*INSTRUCTIONS FOR THE TASK*
Each entry that follows should be set down precisely, with its pictures removed.

*DATA FOR PROCESSING*
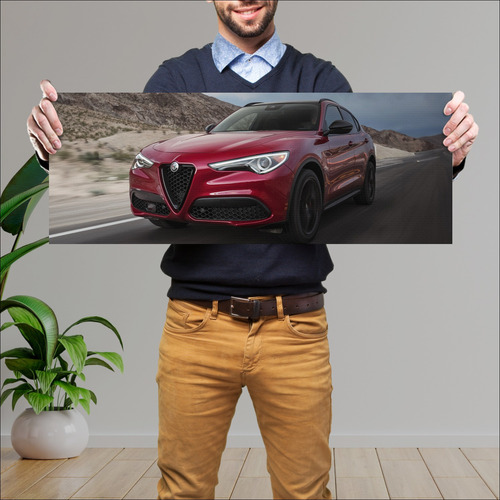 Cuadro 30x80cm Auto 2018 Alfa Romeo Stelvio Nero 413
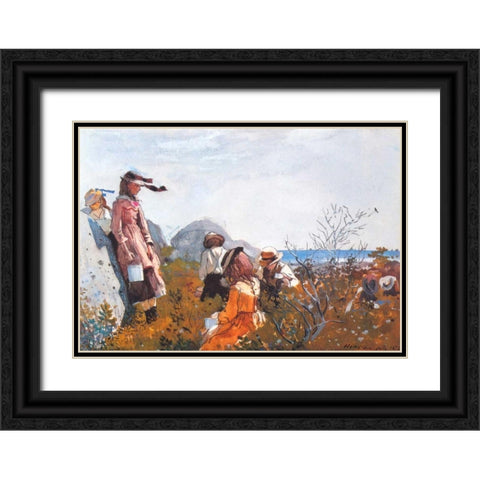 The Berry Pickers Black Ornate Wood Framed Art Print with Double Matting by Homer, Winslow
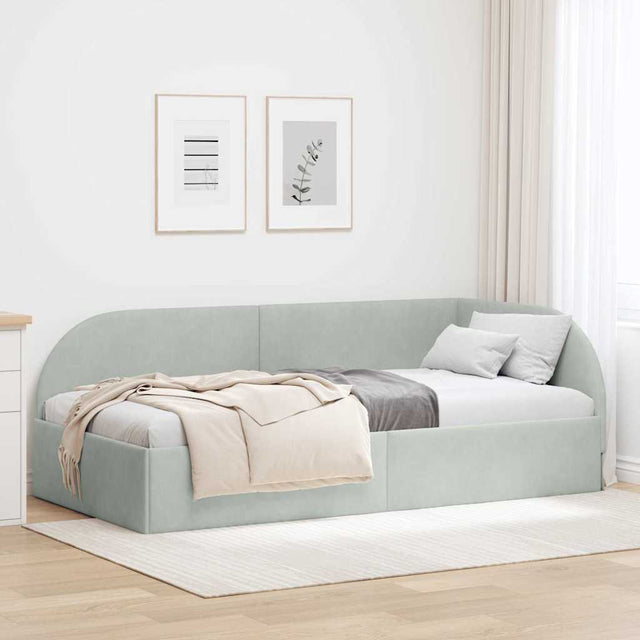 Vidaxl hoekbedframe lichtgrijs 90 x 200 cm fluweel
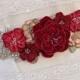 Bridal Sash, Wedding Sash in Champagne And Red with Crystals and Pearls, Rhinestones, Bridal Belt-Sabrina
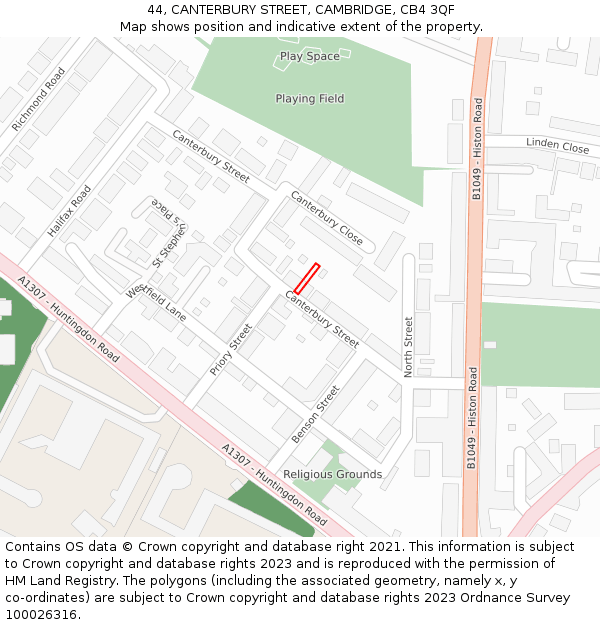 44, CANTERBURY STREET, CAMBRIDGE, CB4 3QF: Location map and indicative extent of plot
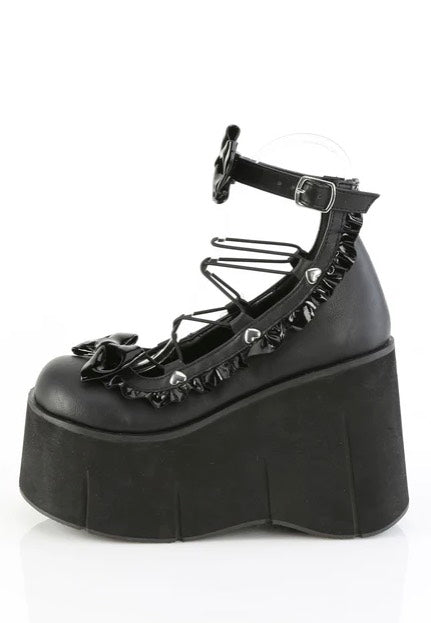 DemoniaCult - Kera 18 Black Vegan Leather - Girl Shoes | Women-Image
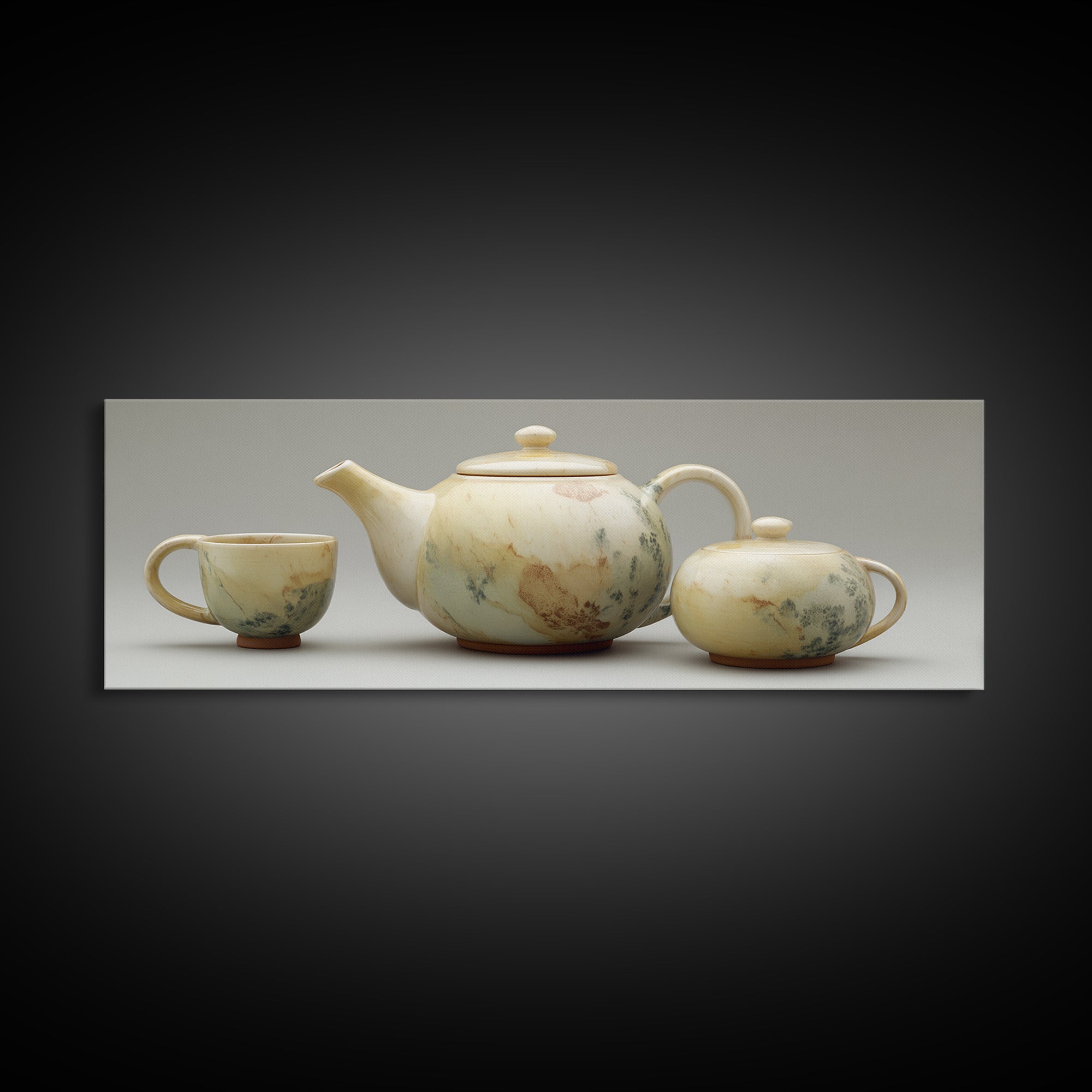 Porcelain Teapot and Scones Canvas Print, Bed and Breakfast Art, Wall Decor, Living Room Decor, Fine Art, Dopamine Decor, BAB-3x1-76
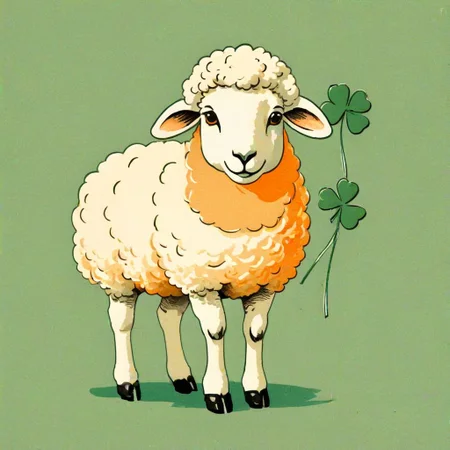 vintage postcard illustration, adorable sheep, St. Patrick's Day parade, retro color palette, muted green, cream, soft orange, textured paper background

*EXERCISE SOLUTION*
 Cuadro 30x80cm Auto 2018 Alfa Romeo Stelvio Nero 413
 The Berry Pickers Black Ornate Wood Framed Art Print with Double Matting by Homer, Winslow
 Vidaxl hoekbedframe lichtgrijs 90 x 200 cm fluweel
 Bridal Sash, Wedding Sash in Champagne And Red with Crystals and Pearls, Rhinestones, Bridal Belt-Sabrina
 44, CANTERBURY STREET, CAMBRIDGE, CB4 3QF: Location map and indicative extent of plot
 DemoniaCult - Kera 18 Black Vegan Leather - Girl Shoes | Women-Image
 Porcelain Teapot and Scones Canvas Print, Bed and Breakfast Art, Wall Decor, Living Room Decor, Fine Art, Dopamine Decor, BAB-3x1-76
 vintage postcard illustration, adorable sheep, St. Patrick's Day parade, retro color palette, muted green, cream, soft orange, textured paper background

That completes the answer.